The current prime minister, Sheikh Hasina, was appointed on 6 January 2009 by the President of Bangladesh, and she is also the longest serving prime minister in the country and still is.

Appointment
According to the Constitution, the prime minister is appointed by the President based upon the result of the electorates choice in parliamentary general election held by the Election Commission. The Prime Minister will be the leader of the majority party (or coalition) in the Jatiya Sangsad and must have the confidence of the Jatiya Sangsad to govern. The cabinet is composed of ministers selected by the prime minister and appointed by the president. At least 90% of the ministers must be MPs. The other 10% may be non-MP experts or "technocrats" who are not otherwise disqualified from being elected MPs. According to the constitution, the president can dissolve Parliament upon the written request of the prime minister. The appointments of the Prime Minister and other Ministers of state and deputy Ministers, shall be made by the President:
Provided that not less the nine tenths of their number shall be appointed from among members of parliament and not more than one tenth of their number may be chosen from among persons qualified for election as members of parliament.

Eligibility

Oath
The Prime Minister is appointed and sworn in by the President:

Bangla

" আমি, (নাম),  সশ্রদ্ধচিত্তে শপথ (বা দৃঢ়ভাবে ঘোষণা) করিতেছি যে, আমি আইন-অনুযায়ী সরকারের প্রধানমন্ত্রী (কিংবা ক্ষেত্রমত মন্ত্রী, প্রতি-মন্ত্রী, বা উপমন্ত্রী)-পদের কর্তব্য বিশ্বস্ততার সহিত পালন করিব: আমি বাংলাদেশের প্রতি অকৃত্রিম বিশ্বাস ও আনুগত্য পোষণ করিব; আমি সংবিধানের রক্ষণ, সমর্থন ও নিরাপত্তাবিধান করিব; এবং আমি ভীতি বা অনুগ্রহ, অনুরাগ বা বিরাগের বশবর্তী না হইয়া সকলের প্রতি আইন-অনুযায়ী যথাবিহীত আচরণ করিব।”

English

In English, "I, (name) do swear with honor (or solemnly affirm) that I, according to the laws, shall faithfully discharge the functions of the office of the Prime Minister (or Minister or State Minister or Sub-minister, as the circumstances allow). I shall possess pure faith and obedience to Bangladesh. I shall preserve, support and secure the constitution and I shall deal with all with equity as suggested by laws, without being affected by fear or mercy, love or hatred."

Duties of the office 

The office of the Prime Minister is located at Tejgaon in Dhaka city. It is considered a ministry of the government and among other duties, provides clerical, security, and other support to the prime minister, governs intelligence affairs, NGOs, and arranges protocol and ceremonies.

Leader of the House

The Leader of the House is responsible for managing and scheduling Government business in the Jatiya Sangsad. The office is always held by Prime Minister of Bangladesh.

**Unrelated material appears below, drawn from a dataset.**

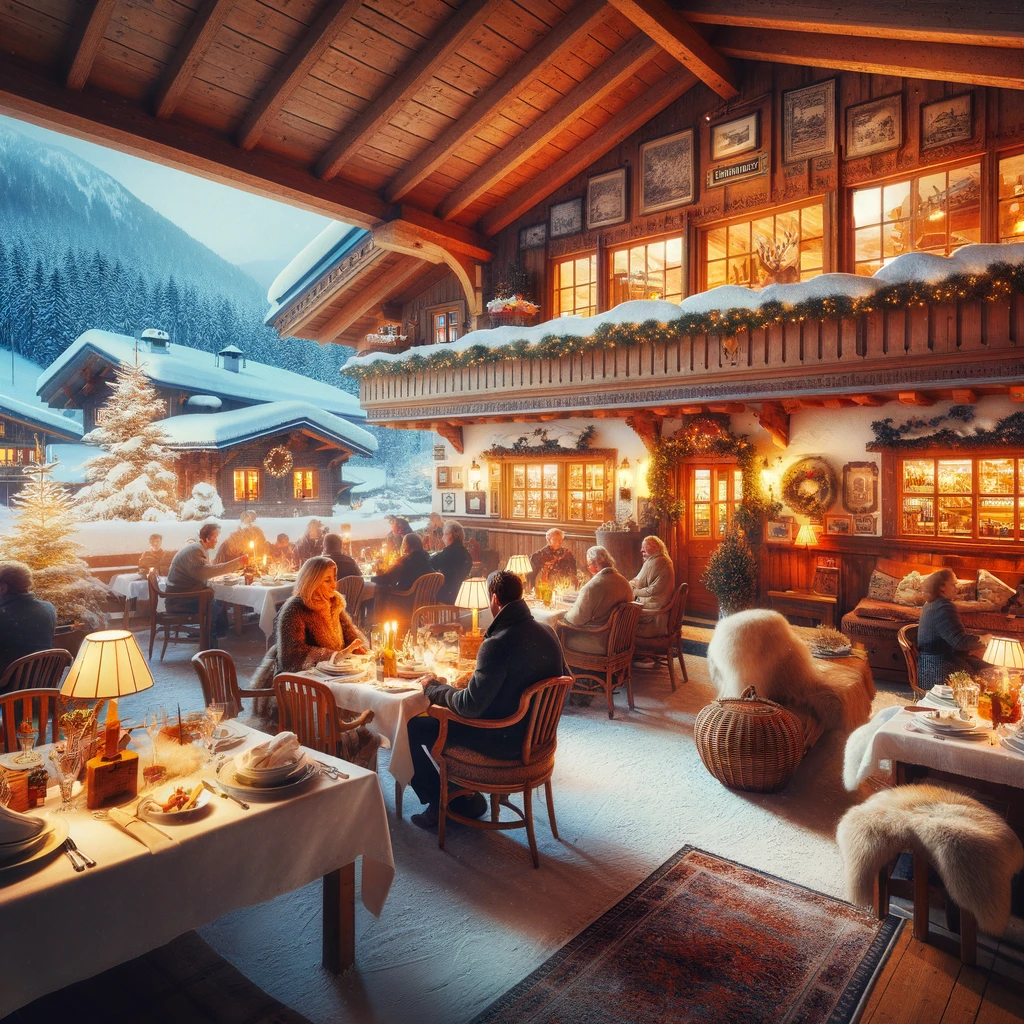 Przytulna zimowa scena w tradycyjnym niemieckim hotelu w Bawarskich Alpach, z ciepłą, zapraszającą atmosferą, śniegiem pokrytym otoczeniem i gośćmi delektującymi się posiłkiem w rustykalnej jadalni.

Minister for Cabinet Affairs

Minister of Defence

Minister of Energy

Chairperson of the Planning Commission

History and timeline

Origin 
Bangladesh origins lie in Bengal, a province of the British India that included present-day West Bengal. Between 1937 and 1947 it was intermittently governed by a popularly elected ministry, whose head is often designated the Premier of Bengal. In 1947, Bengal province was partitioned into the Indian state of West Bengal and East Pakistan. All three erstwhile Bengal premiers—A. K. Fazlul Huq, Khawaja Nazimuddin and H. S. Suhrawardy—became Pakistani citizens; the latter two went on to become Prime Ministers of Pakistan in the 1950s.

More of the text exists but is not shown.